Operating systems provide various abstractions that we use everyday: various models of how to "do work" (processes and threads), how to exchange information (multi-threaded programming primitives, etc.). We leverage complex data structures from libraries. We wouldn't want to re-write a hash table every time we need dictionary lookup semantics, or drop into assembly to write CAS instructions to re-implement mutexes and spinlocks every time we write a multi-threaded program. So *high five* to abstraction-- you're a good friend to us dumb humans.

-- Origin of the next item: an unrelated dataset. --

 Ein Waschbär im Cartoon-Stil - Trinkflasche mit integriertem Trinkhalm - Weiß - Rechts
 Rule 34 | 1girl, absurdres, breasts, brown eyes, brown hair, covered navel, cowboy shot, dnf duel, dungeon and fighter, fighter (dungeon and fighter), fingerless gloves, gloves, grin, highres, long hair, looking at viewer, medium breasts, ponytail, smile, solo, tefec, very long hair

Yet... there is a problem. In the perfect world in our cerebral cortex, things fit together nicely, and we gloss over real world needs and various "cross-cutting concerns". As such, there is the famous principal of leaky abstraction, which states that there are no perfect abstractions: all abstractions leak-- i.e. all abstractions expose some part of their underlying implementation. The amount of "leakiness" can be a quality metric. I would suspect that "leakiness" is correlated with complexity, and it is certainly correlated with how many resources are involved in the implementation.
For example, how leaky are mutex synchronization primitives? On the surface they sound simple! You try to acquire the mutex and get blocked until you get what you want. A nice abstraction, very useful. But then there are these pesky details of lock fairness, thread affinity, etc. that complicate the elegant abstraction. They typically rear their head through "cross-cutting concerns" such as performance. And this is key to the issue-- why can't there be a perfect abstraction? Because at some point there is a *finite* set of resources that are going to give a quick dose of "reality" to these "head in the clouds", "flowers and kittens" abstractions. And where abstract, pure concepts meet reality-- finite constraints start to paint a different picture.

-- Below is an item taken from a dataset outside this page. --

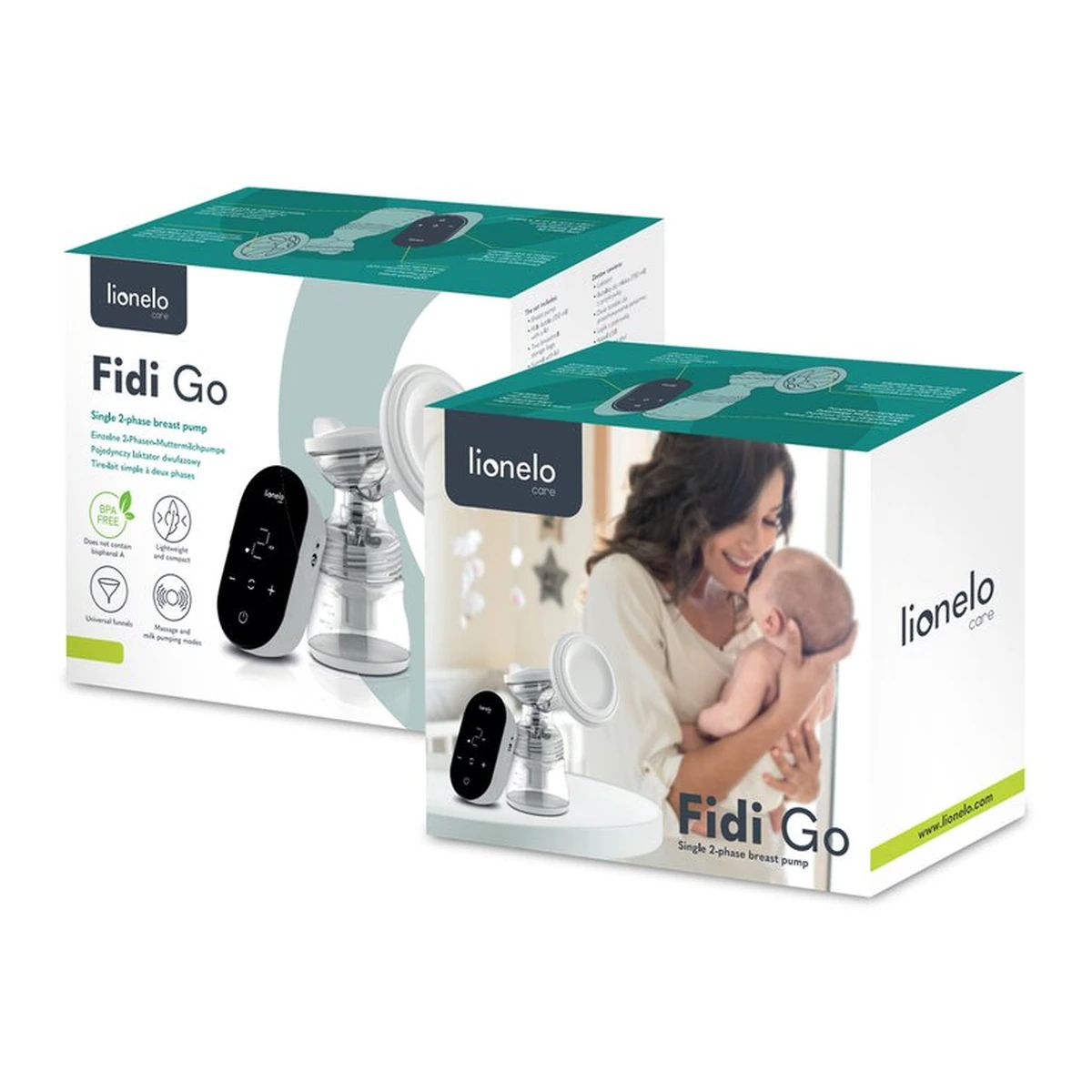 Pompa de san, Lionelo, Fidi Go, Functie de masaj, Autonomie pana la 90 min, Afisaj LED, Cu accesorii, Gri Pal [30]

So as developers, we deal with this by straddling the fence: we design in the world of abstractions, but maintain some "implementation" knowledge, and then TEST TEST TEST (for performance and other non-functional requirements). And we pick up little best practices about thread affinity, processor cache coherence, scheduling fairness, IO access patterns, etc. that let us meet these goals.
But in my experience with different teams and colleagues, something funny happens when databases are brought into the pictures. They are almost always treated as a black box. "Oh thats the databases job", "oh well the database just sucks", "databases suck". I have encountered a number of people who choose to write their own little mini-databases instead. They have no problem "breaking the abstraction" to think about file locks, optimizing reads/writes to reduce disk head seeks, etc.-- but they hold database technology to some higher standard; they pretend databases are a perfect abstraction!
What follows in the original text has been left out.